(Stored data entries)
>>>>>

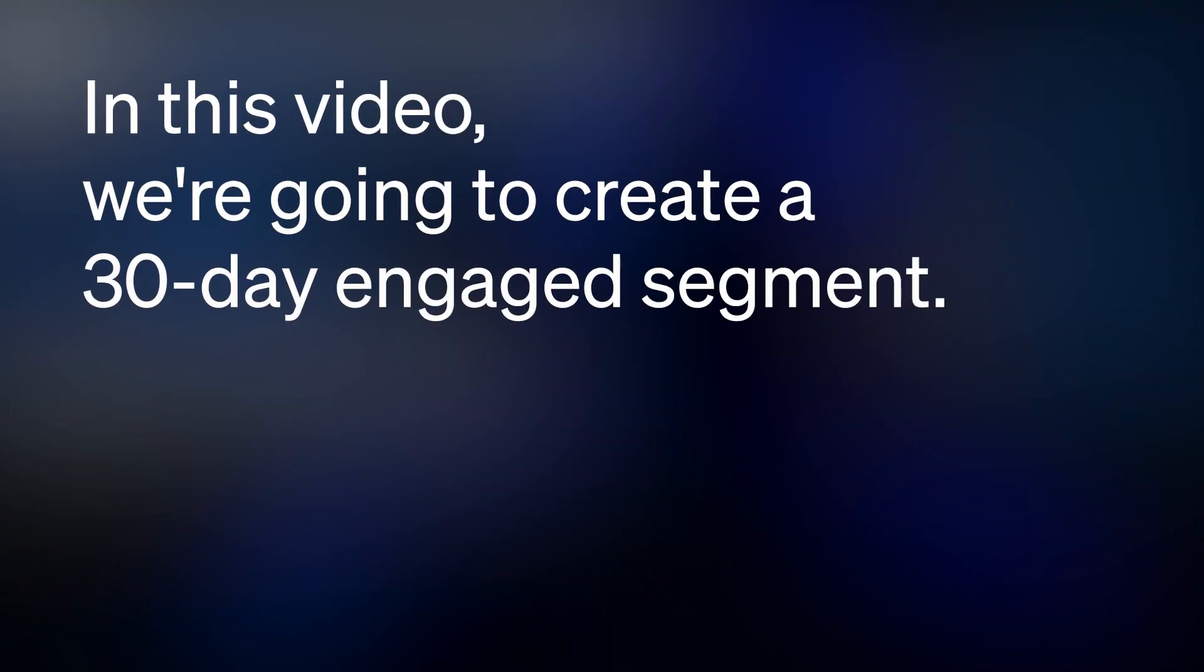Segments allow you to create dynamic groupings of your subscribers according to their shared behaviors or qualities. In this video, we're going to create a 30-day engaged segment using the Segment Builder.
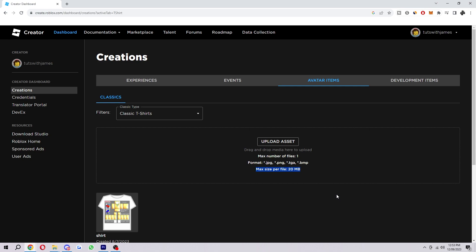Now you also want to make sure that the file is the correct format. So as you're going to see, the ones that are allowed for this are JPEG, PNG, TGA, and BMP. So if your file is not any of those formats, it will actually not work. So you do want to make sure that that is correct.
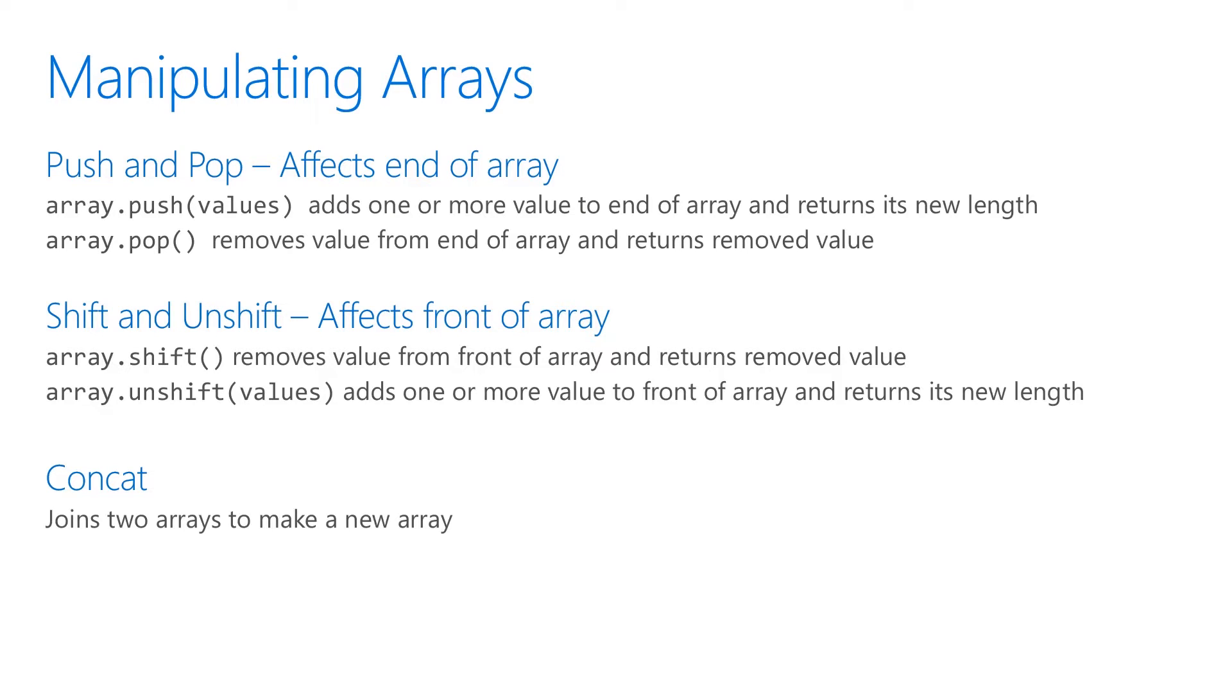Shift and unshift do the same thing, except it modifies the front of the array.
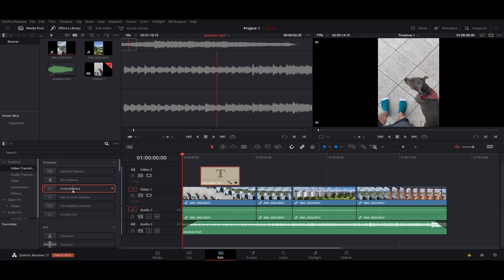...it will give your project a way better look. So let's go with Cross Dissolve, for example, and we want to left-click it and drag it in here, or in text for example.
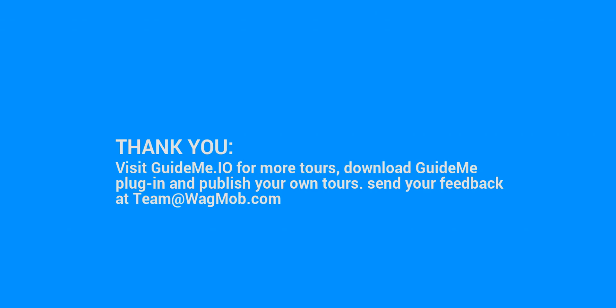Thank you for watching the GuideMe tour. Visit GuideMe.io for more tours, download the GuideMe plugin, and publish your own tours. Send your feedback to team@wagmob.com.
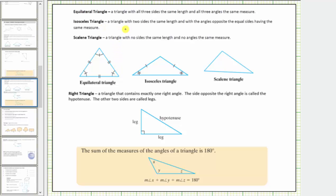An isosceles triangle is a triangle with two sides the same length and with the angles opposite the equal sides having the same measure. This is an isosceles triangle.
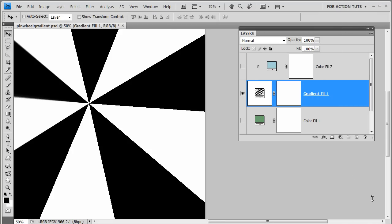Hi, this is Mama Shan bringing you a video tutorial about gradients in Photoshop. We're going to be creating a custom pinwheel or twirly type gradient today.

<<<<<

§ **The task**: Each line from the one containing "text for example." through the last line of the data should be written out exactly. Skip the pictures, and add no other lines.

§ **Answer to this task**:
...it will give your project a way better look. So let's go with Cross Dissolve, for example, and we want to left-click it and drag it in here, or in text for example.
Thank you for watching the GuideMe tour. Visit GuideMe.io for more tours, download the GuideMe plugin, and publish your own tours. Send your feedback to team@wagmob.com.
An isosceles triangle is a triangle with two sides the same length and with the angles opposite the equal sides having the same measure. This is an isosceles triangle.
Hi, this is Mama Shan bringing you a video tutorial about gradients in Photoshop. We're going to be creating a custom pinwheel or twirly type gradient today.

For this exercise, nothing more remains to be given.